Since most textile-based microfibers are released during the wash cycle, try to wash your clothes on the Delicate Cycle. A 2020 Italian study found that rougher settings can increase abrasion and lead to more particle release. However, when the Delicate Cycle was used instead of the Cotton Cycle, particle release dropped by more than 20%.
If you have your own washing machine (or you can be ultra-sneaky in your apartment building’s communal laundry room), consider installing a microfiber filter, which is designed to capture microplastics released during the wash cycle. Research proves these things can lower the total number of microfibers released from each wash cycle. If you don’t feel handy enough to install a filter, there are also options that you can throw into your washing machine to collect microfibers during each wash cycle, like this or this.
If synthetic fabrics are completely unavoidable, try to buy the fabric textures and types that release fewer, larger microfibers. Those are found in the figure below, based on a 2020 study in Environmental Science and Technology. Obviously, we want to release fewer microplastics into the environment, and larger particles are usually less toxic to wildlife and more likely to be caught by wastewater treatment technologies. Aim to buy and use the fabric textures closer to the top left of the chart, and really try to avoid microfibers when you can.
We spent a lot of time talking about clothing, but as mentioned above, cars release microplastics too!
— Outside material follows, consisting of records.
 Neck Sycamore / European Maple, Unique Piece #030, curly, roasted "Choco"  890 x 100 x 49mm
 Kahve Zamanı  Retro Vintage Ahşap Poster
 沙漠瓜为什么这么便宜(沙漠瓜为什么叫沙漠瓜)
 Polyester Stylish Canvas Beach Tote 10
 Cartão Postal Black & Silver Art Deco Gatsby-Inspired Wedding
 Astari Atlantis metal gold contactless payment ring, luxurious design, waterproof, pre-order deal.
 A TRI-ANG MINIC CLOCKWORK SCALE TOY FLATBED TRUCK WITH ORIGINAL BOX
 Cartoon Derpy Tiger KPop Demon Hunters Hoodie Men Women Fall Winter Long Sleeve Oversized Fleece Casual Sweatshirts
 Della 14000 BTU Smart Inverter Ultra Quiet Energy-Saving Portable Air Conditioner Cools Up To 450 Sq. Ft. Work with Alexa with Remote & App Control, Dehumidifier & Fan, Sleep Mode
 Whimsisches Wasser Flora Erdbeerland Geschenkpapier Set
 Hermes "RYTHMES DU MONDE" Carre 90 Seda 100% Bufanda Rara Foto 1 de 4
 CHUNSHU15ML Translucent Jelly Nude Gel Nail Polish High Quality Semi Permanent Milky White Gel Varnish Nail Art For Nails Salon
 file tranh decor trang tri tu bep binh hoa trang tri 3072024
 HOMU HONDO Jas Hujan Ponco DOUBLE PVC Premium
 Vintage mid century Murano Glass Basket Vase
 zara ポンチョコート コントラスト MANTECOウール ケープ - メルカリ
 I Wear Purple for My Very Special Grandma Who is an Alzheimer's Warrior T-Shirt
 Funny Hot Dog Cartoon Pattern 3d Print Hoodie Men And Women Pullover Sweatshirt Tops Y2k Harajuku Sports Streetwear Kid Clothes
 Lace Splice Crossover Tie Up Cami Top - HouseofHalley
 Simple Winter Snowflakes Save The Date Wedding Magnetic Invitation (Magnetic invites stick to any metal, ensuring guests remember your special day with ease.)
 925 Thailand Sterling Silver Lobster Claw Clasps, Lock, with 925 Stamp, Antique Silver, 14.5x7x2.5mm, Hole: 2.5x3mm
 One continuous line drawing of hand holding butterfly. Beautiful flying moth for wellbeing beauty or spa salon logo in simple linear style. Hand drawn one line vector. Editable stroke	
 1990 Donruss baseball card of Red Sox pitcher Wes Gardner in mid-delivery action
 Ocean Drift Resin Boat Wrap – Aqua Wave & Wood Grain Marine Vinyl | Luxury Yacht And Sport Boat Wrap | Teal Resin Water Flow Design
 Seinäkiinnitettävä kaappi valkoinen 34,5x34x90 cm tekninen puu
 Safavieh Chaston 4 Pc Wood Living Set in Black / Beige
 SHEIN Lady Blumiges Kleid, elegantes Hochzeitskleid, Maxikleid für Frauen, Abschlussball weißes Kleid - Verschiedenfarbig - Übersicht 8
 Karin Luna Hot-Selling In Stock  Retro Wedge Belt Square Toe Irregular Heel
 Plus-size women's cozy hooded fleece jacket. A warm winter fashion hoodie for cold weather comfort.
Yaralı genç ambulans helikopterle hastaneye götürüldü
When possible, walk instead of driving, to limit wear and tear on your tires. When you do drive, make sure to keep your tires properly inflated to prevent excess tire wear (and improve your gas mileage), and regularly rotate your tires so they wear down more evenly and more gradually.
Avoid single-use plastic water bottles at all costs. They obviously release secondary microplastics after floating around in the water for a while, and a 2018 study in Frontiers in Chemistry found that 93% of plastic water brands that were tested had detectable levels of microplastics in the water. Also, those same authors let us know that there were twice as many microplastic particles in bottled water compared to tap water or beer. I don’t want to put words in Dr. Mason’s mouth, but it sounds like she basically said that beer is better for you than bottled water…
Consider lowering your seafood-based diet. While ingesting microplastics in water is going to happen no matter what, about half of the average person’s plastic microparticle ingestion comes from eating seafood via biomagnification (or the concentrated buildup of toxins, chemicals, or microplastics in the food chain).
Consider buying a super cool, super rad, state-of-the-art 2011 Toyota Prius. It has nothing to do with microplastics, but it drives like a dream and I think this is information worth sharing.
Finally, don’t panic! The science on microplastics is still pretty new, and we are all figuring out how to best deal with it. While you might be scared to drink water now, know that the health benefits (for example, surviving...), far outweigh the known risks from microplastics.